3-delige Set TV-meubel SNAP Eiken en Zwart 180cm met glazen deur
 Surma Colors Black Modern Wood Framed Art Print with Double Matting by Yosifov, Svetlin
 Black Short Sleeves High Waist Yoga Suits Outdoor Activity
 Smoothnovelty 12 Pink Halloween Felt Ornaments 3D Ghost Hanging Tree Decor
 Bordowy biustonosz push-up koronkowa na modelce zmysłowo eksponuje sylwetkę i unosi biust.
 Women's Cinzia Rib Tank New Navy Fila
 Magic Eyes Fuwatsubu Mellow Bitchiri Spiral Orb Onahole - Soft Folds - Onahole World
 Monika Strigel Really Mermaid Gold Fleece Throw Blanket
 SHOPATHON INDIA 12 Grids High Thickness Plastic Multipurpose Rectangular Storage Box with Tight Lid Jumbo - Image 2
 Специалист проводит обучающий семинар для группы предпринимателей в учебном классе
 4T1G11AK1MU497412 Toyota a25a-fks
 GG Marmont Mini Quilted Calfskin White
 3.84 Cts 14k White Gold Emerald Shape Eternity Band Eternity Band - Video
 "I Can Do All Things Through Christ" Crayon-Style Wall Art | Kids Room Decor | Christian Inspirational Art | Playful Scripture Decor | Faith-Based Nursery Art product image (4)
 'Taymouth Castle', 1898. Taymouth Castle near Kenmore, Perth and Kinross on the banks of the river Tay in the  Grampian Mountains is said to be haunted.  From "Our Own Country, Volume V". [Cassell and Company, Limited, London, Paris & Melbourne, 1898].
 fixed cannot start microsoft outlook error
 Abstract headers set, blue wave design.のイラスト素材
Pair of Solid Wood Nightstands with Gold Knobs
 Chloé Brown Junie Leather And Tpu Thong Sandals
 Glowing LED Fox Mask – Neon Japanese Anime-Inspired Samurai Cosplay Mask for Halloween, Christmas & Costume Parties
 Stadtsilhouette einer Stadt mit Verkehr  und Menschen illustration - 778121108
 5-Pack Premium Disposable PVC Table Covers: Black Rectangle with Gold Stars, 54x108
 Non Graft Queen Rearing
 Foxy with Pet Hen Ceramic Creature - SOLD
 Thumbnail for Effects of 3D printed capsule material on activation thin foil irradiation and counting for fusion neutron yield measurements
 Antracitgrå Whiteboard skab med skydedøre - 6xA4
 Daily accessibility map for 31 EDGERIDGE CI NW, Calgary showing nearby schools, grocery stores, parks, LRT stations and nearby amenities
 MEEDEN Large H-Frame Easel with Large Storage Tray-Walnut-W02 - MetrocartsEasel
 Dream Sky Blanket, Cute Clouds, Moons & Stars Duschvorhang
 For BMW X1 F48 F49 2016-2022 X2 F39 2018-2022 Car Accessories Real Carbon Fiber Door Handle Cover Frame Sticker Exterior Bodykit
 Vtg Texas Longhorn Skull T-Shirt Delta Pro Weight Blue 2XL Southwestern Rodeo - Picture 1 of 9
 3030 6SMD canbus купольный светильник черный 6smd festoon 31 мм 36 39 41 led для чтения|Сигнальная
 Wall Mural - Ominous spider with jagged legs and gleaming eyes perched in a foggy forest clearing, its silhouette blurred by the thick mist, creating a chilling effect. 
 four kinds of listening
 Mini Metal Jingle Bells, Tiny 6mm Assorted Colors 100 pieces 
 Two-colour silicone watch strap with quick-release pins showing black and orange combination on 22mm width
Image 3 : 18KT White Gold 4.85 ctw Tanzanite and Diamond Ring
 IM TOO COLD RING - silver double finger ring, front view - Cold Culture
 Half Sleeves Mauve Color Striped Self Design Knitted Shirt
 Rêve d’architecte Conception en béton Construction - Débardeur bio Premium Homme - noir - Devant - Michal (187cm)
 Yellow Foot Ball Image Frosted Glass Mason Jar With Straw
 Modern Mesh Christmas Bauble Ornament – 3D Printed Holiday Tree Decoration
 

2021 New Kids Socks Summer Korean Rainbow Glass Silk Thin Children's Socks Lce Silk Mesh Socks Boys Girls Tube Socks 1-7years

※ ※ ※

* [WORK TASK] Give back the full listing above verbatim.

* [ANSWER BOX]
3-delige Set TV-meubel SNAP Eiken en Zwart 180cm met glazen deur
 Surma Colors Black Modern Wood Framed Art Print with Double Matting by Yosifov, Svetlin
 Black Short Sleeves High Waist Yoga Suits Outdoor Activity
 Smoothnovelty 12 Pink Halloween Felt Ornaments 3D Ghost Hanging Tree Decor
 Bordowy biustonosz push-up koronkowa na modelce zmysłowo eksponuje sylwetkę i unosi biust.
 Women's Cinzia Rib Tank New Navy Fila
 Magic Eyes Fuwatsubu Mellow Bitchiri Spiral Orb Onahole - Soft Folds - Onahole World
 Monika Strigel Really Mermaid Gold Fleece Throw Blanket
 SHOPATHON INDIA 12 Grids High Thickness Plastic Multipurpose Rectangular Storage Box with Tight Lid Jumbo - Image 2
 Специалист проводит обучающий семинар для группы предпринимателей в учебном классе
 4T1G11AK1MU497412 Toyota a25a-fks
 GG Marmont Mini Quilted Calfskin White
 3.84 Cts 14k White Gold Emerald Shape Eternity Band Eternity Band - Video
 "I Can Do All Things Through Christ" Crayon-Style Wall Art | Kids Room Decor | Christian Inspirational Art | Playful Scripture Decor | Faith-Based Nursery Art product image (4)
 'Taymouth Castle', 1898. Taymouth Castle near Kenmore, Perth and Kinross on the banks of the river Tay in the  Grampian Mountains is said to be haunted.  From "Our Own Country, Volume V". [Cassell and Company, Limited, London, Paris & Melbourne, 1898].
 fixed cannot start microsoft outlook error
 Abstract headers set, blue wave design.のイラスト素材
Pair of Solid Wood Nightstands with Gold Knobs
 Chloé Brown Junie Leather And Tpu Thong Sandals
 Glowing LED Fox Mask – Neon Japanese Anime-Inspired Samurai Cosplay Mask for Halloween, Christmas & Costume Parties
 Stadtsilhouette einer Stadt mit Verkehr  und Menschen illustration - 778121108
 5-Pack Premium Disposable PVC Table Covers: Black Rectangle with Gold Stars, 54x108
 Non Graft Queen Rearing
 Foxy with Pet Hen Ceramic Creature - SOLD
 Thumbnail for Effects of 3D printed capsule material on activation thin foil irradiation and counting for fusion neutron yield measurements
 Antracitgrå Whiteboard skab med skydedøre - 6xA4
 Daily accessibility map for 31 EDGERIDGE CI NW, Calgary showing nearby schools, grocery stores, parks, LRT stations and nearby amenities
 MEEDEN Large H-Frame Easel with Large Storage Tray-Walnut-W02 - MetrocartsEasel
 Dream Sky Blanket, Cute Clouds, Moons & Stars Duschvorhang
 For BMW X1 F48 F49 2016-2022 X2 F39 2018-2022 Car Accessories Real Carbon Fiber Door Handle Cover Frame Sticker Exterior Bodykit
 Vtg Texas Longhorn Skull T-Shirt Delta Pro Weight Blue 2XL Southwestern Rodeo - Picture 1 of 9
 3030 6SMD canbus купольный светильник черный 6smd festoon 31 мм 36 39 41 led для чтения|Сигнальная
 Wall Mural - Ominous spider with jagged legs and gleaming eyes perched in a foggy forest clearing, its silhouette blurred by the thick mist, creating a chilling effect. 
 four kinds of listening
 Mini Metal Jingle Bells, Tiny 6mm Assorted Colors 100 pieces 
 Two-colour silicone watch strap with quick-release pins showing black and orange combination on 22mm width
Image 3 : 18KT White Gold 4.85 ctw Tanzanite and Diamond Ring
 IM TOO COLD RING - silver double finger ring, front view - Cold Culture
 Half Sleeves Mauve Color Striped Self Design Knitted Shirt
 Rêve d’architecte Conception en béton Construction - Débardeur bio Premium Homme - noir - Devant - Michal (187cm)
 Yellow Foot Ball Image Frosted Glass Mason Jar With Straw
 Modern Mesh Christmas Bauble Ornament – 3D Printed Holiday Tree Decoration
 

2021 New Kids Socks Summer Korean Rainbow Glass Silk Thin Children's Socks Lce Silk Mesh Socks Boys Girls Tube Socks 1-7years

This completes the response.